**TASK REQUIREMENTS**
For the records below, please print exactly and only the lines from the one with "Vintage Light Up" down to the one with "Gindl Teréz névjegykártya", both ends included, omitting the pictures.

**DATA FOR PROCESSING**
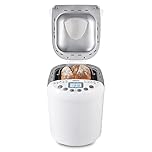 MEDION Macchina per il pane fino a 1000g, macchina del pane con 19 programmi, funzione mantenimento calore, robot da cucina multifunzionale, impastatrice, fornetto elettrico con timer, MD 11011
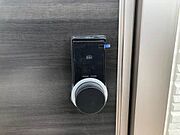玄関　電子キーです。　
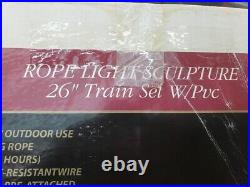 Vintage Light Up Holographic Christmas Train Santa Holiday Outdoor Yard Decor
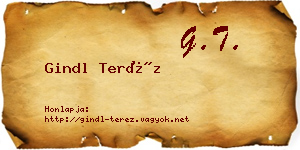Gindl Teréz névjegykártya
==
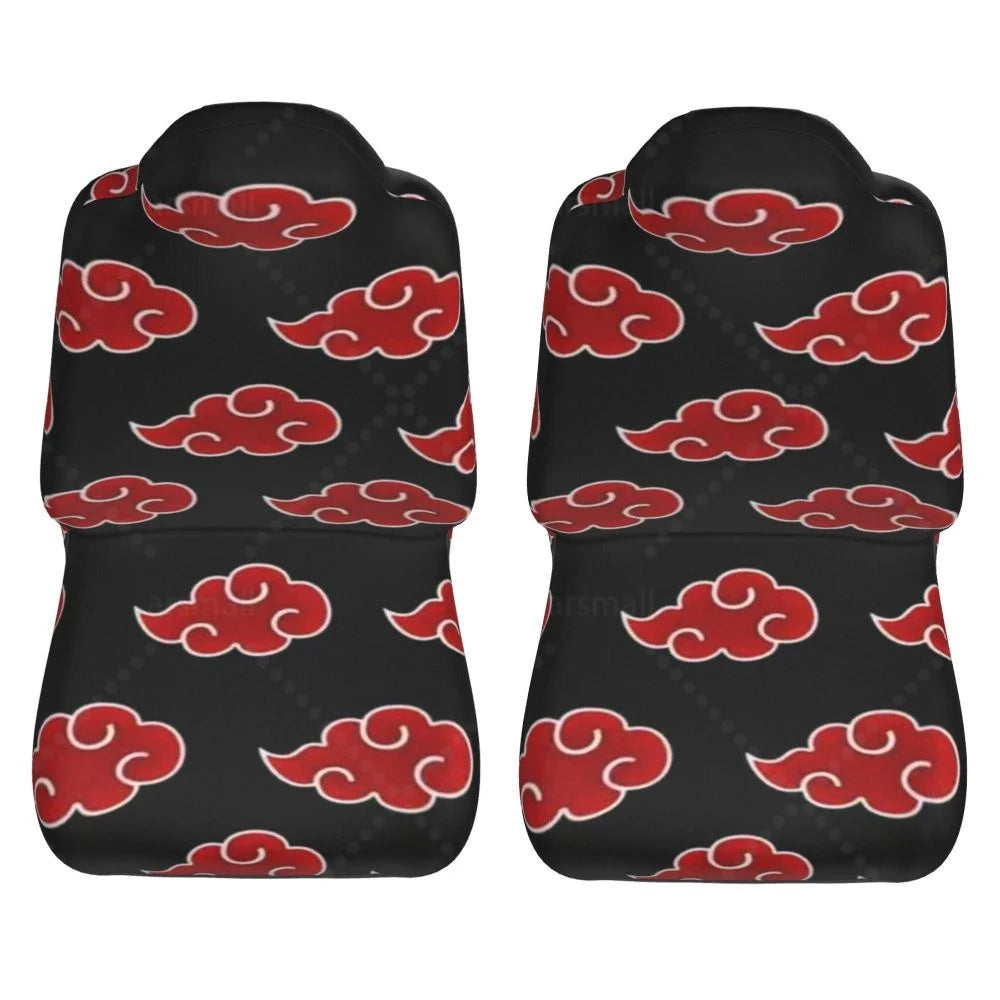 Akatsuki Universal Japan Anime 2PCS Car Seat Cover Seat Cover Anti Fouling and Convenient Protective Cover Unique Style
--
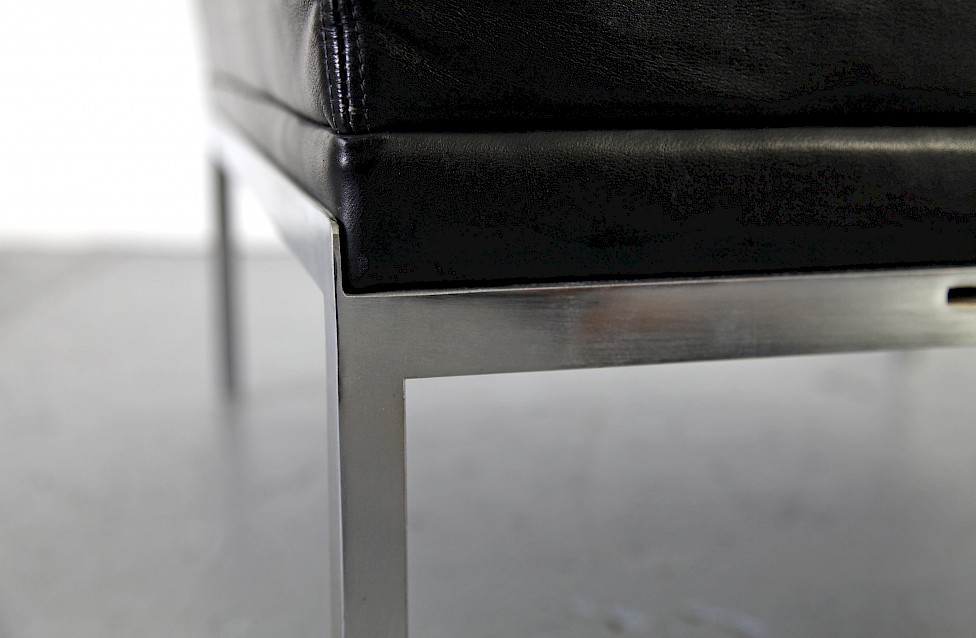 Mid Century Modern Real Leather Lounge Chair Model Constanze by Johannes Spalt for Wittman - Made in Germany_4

**EXERCISE ANSWER**
 Vintage Light Up Holographic Christmas Train Santa Holiday Outdoor Yard Decor
Gindl Teréz névjegykártya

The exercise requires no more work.